### What you need to do
The response should consist of the records that follow, printed exactly.

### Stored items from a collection

▼

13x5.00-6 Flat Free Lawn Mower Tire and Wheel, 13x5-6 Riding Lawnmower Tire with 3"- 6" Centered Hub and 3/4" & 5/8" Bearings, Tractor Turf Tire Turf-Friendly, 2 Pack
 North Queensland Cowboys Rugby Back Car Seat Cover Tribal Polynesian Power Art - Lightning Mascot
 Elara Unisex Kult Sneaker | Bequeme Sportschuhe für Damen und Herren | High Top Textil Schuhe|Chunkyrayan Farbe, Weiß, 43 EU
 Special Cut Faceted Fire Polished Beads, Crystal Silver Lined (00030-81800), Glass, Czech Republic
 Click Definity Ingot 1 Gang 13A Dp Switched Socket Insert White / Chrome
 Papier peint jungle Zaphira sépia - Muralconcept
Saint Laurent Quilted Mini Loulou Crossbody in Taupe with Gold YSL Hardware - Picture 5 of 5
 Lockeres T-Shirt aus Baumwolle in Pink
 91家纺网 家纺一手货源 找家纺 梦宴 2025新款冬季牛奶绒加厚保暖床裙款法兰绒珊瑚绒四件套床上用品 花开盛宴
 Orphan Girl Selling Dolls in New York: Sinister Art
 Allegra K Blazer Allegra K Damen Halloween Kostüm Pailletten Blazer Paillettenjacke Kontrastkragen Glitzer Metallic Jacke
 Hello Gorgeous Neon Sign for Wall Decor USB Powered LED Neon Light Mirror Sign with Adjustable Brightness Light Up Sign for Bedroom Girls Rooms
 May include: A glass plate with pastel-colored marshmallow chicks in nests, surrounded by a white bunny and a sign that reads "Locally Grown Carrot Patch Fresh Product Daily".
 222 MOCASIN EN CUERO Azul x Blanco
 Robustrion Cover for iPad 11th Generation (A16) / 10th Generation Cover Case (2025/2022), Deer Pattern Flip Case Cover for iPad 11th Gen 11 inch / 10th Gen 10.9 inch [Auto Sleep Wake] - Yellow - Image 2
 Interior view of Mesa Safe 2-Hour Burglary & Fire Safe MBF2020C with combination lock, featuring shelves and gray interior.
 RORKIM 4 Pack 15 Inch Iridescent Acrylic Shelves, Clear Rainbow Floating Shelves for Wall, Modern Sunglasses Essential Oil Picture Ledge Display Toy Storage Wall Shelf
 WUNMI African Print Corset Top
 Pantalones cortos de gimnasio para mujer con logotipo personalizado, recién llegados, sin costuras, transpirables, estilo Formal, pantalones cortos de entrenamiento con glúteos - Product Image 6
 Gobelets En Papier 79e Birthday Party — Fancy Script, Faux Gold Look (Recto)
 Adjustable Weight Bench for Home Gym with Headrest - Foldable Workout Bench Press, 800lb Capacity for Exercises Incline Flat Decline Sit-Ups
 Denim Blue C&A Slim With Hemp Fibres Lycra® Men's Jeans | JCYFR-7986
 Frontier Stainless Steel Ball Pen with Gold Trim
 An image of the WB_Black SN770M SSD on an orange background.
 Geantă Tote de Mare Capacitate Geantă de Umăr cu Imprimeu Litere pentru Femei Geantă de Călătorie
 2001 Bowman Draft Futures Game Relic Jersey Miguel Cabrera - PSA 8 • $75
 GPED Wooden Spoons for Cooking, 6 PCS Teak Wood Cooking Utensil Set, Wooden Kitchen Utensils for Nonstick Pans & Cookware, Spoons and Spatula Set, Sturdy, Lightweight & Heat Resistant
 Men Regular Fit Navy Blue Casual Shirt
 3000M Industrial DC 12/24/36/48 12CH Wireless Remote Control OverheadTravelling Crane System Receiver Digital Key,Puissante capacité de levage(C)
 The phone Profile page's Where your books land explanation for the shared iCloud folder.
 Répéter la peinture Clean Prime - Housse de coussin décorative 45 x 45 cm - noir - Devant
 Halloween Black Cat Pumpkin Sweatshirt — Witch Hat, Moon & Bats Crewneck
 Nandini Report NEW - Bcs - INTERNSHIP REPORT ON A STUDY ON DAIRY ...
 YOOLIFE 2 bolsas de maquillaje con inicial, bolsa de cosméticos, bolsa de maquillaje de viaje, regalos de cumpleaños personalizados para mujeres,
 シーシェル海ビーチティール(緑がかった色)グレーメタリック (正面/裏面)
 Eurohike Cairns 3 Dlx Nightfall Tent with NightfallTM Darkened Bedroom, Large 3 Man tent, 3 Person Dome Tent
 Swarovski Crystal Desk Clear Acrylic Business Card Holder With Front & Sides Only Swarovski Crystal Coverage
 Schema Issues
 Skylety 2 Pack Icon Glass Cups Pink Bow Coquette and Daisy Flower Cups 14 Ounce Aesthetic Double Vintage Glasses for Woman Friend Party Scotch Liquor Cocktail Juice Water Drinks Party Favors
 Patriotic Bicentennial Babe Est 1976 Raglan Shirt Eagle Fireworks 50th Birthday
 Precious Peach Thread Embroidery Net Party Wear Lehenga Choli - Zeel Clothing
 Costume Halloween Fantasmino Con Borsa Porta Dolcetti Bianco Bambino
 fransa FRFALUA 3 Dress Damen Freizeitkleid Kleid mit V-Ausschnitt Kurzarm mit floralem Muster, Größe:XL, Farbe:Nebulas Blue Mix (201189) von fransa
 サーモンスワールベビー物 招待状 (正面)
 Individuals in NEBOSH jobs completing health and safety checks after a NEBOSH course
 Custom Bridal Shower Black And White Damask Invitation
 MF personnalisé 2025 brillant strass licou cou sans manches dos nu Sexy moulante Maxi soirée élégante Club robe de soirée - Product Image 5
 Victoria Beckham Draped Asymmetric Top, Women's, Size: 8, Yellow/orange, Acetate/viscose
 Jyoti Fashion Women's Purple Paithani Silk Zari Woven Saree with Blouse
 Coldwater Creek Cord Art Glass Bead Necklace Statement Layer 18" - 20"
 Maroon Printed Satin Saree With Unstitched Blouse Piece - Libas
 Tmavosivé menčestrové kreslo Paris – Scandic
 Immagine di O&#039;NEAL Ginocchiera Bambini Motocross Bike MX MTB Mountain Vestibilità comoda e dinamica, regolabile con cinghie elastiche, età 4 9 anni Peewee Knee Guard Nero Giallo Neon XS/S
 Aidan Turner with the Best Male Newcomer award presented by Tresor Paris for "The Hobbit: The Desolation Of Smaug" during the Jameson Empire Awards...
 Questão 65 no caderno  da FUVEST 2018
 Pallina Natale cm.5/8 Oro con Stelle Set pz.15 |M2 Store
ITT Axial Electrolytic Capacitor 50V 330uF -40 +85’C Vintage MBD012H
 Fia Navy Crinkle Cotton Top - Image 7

▲

### Solution to the exercise
13x5.00-6 Flat Free Lawn Mower Tire and Wheel, 13x5-6 Riding Lawnmower Tire with 3"- 6" Centered Hub and 3/4" & 5/8" Bearings, Tractor Turf Tire Turf-Friendly, 2 Pack
 North Queensland Cowboys Rugby Back Car Seat Cover Tribal Polynesian Power Art - Lightning Mascot
 Elara Unisex Kult Sneaker | Bequeme Sportschuhe für Damen und Herren | High Top Textil Schuhe|Chunkyrayan Farbe, Weiß, 43 EU
 Special Cut Faceted Fire Polished Beads, Crystal Silver Lined (00030-81800), Glass, Czech Republic
 Click Definity Ingot 1 Gang 13A Dp Switched Socket Insert White / Chrome
 Papier peint jungle Zaphira sépia - Muralconcept
Saint Laurent Quilted Mini Loulou Crossbody in Taupe with Gold YSL Hardware - Picture 5 of 5
 Lockeres T-Shirt aus Baumwolle in Pink
 91家纺网 家纺一手货源 找家纺 梦宴 2025新款冬季牛奶绒加厚保暖床裙款法兰绒珊瑚绒四件套床上用品 花开盛宴
 Orphan Girl Selling Dolls in New York: Sinister Art
 Allegra K Blazer Allegra K Damen Halloween Kostüm Pailletten Blazer Paillettenjacke Kontrastkragen Glitzer Metallic Jacke
 Hello Gorgeous Neon Sign for Wall Decor USB Powered LED Neon Light Mirror Sign with Adjustable Brightness Light Up Sign for Bedroom Girls Rooms
 May include: A glass plate with pastel-colored marshmallow chicks in nests, surrounded by a white bunny and a sign that reads "Locally Grown Carrot Patch Fresh Product Daily".
 222 MOCASIN EN CUERO Azul x Blanco
 Robustrion Cover for iPad 11th Generation (A16) / 10th Generation Cover Case (2025/2022), Deer Pattern Flip Case Cover for iPad 11th Gen 11 inch / 10th Gen 10.9 inch [Auto Sleep Wake] - Yellow - Image 2
 Interior view of Mesa Safe 2-Hour Burglary & Fire Safe MBF2020C with combination lock, featuring shelves and gray interior.
 RORKIM 4 Pack 15 Inch Iridescent Acrylic Shelves, Clear Rainbow Floating Shelves for Wall, Modern Sunglasses Essential Oil Picture Ledge Display Toy Storage Wall Shelf
 WUNMI African Print Corset Top
 Pantalones cortos de gimnasio para mujer con logotipo personalizado, recién llegados, sin costuras, transpirables, estilo Formal, pantalones cortos de entrenamiento con glúteos - Product Image 6
 Gobelets En Papier 79e Birthday Party — Fancy Script, Faux Gold Look (Recto)
 Adjustable Weight Bench for Home Gym with Headrest - Foldable Workout Bench Press, 800lb Capacity for Exercises Incline Flat Decline Sit-Ups
 Denim Blue C&A Slim With Hemp Fibres Lycra® Men's Jeans | JCYFR-7986
 Frontier Stainless Steel Ball Pen with Gold Trim
 An image of the WB_Black SN770M SSD on an orange background.
 Geantă Tote de Mare Capacitate Geantă de Umăr cu Imprimeu Litere pentru Femei Geantă de Călătorie
 2001 Bowman Draft Futures Game Relic Jersey Miguel Cabrera - PSA 8 • $75
 GPED Wooden Spoons for Cooking, 6 PCS Teak Wood Cooking Utensil Set, Wooden Kitchen Utensils for Nonstick Pans & Cookware, Spoons and Spatula Set, Sturdy, Lightweight & Heat Resistant
 Men Regular Fit Navy Blue Casual Shirt
 3000M Industrial DC 12/24/36/48 12CH Wireless Remote Control OverheadTravelling Crane System Receiver Digital Key,Puissante capacité de levage(C)
 The phone Profile page's Where your books land explanation for the shared iCloud folder.
 Répéter la peinture Clean Prime - Housse de coussin décorative 45 x 45 cm - noir - Devant
 Halloween Black Cat Pumpkin Sweatshirt — Witch Hat, Moon & Bats Crewneck
 Nandini Report NEW - Bcs - INTERNSHIP REPORT ON A STUDY ON DAIRY ...
 YOOLIFE 2 bolsas de maquillaje con inicial, bolsa de cosméticos, bolsa de maquillaje de viaje, regalos de cumpleaños personalizados para mujeres,
 シーシェル海ビーチティール(緑がかった色)グレーメタリック (正面/裏面)
 Eurohike Cairns 3 Dlx Nightfall Tent with NightfallTM Darkened Bedroom, Large 3 Man tent, 3 Person Dome Tent
 Swarovski Crystal Desk Clear Acrylic Business Card Holder With Front & Sides Only Swarovski Crystal Coverage
 Schema Issues
 Skylety 2 Pack Icon Glass Cups Pink Bow Coquette and Daisy Flower Cups 14 Ounce Aesthetic Double Vintage Glasses for Woman Friend Party Scotch Liquor Cocktail Juice Water Drinks Party Favors
 Patriotic Bicentennial Babe Est 1976 Raglan Shirt Eagle Fireworks 50th Birthday
 Precious Peach Thread Embroidery Net Party Wear Lehenga Choli - Zeel Clothing
 Costume Halloween Fantasmino Con Borsa Porta Dolcetti Bianco Bambino
 fransa FRFALUA 3 Dress Damen Freizeitkleid Kleid mit V-Ausschnitt Kurzarm mit floralem Muster, Größe:XL, Farbe:Nebulas Blue Mix (201189) von fransa
 サーモンスワールベビー物 招待状 (正面)
 Individuals in NEBOSH jobs completing health and safety checks after a NEBOSH course
 Custom Bridal Shower Black And White Damask Invitation
 MF personnalisé 2025 brillant strass licou cou sans manches dos nu Sexy moulante Maxi soirée élégante Club robe de soirée - Product Image 5
 Victoria Beckham Draped Asymmetric Top, Women's, Size: 8, Yellow/orange, Acetate/viscose
 Jyoti Fashion Women's Purple Paithani Silk Zari Woven Saree with Blouse
 Coldwater Creek Cord Art Glass Bead Necklace Statement Layer 18" - 20"
 Maroon Printed Satin Saree With Unstitched Blouse Piece - Libas
 Tmavosivé menčestrové kreslo Paris – Scandic
 Immagine di O&#039;NEAL Ginocchiera Bambini Motocross Bike MX MTB Mountain Vestibilità comoda e dinamica, regolabile con cinghie elastiche, età 4 9 anni Peewee Knee Guard Nero Giallo Neon XS/S
 Aidan Turner with the Best Male Newcomer award presented by Tresor Paris for "The Hobbit: The Desolation Of Smaug" during the Jameson Empire Awards...
 Questão 65 no caderno  da FUVEST 2018
 Pallina Natale cm.5/8 Oro con Stelle Set pz.15 |M2 Store
ITT Axial Electrolytic Capacitor 50V 330uF -40 +85’C Vintage MBD012H
 Fia Navy Crinkle Cotton Top - Image 7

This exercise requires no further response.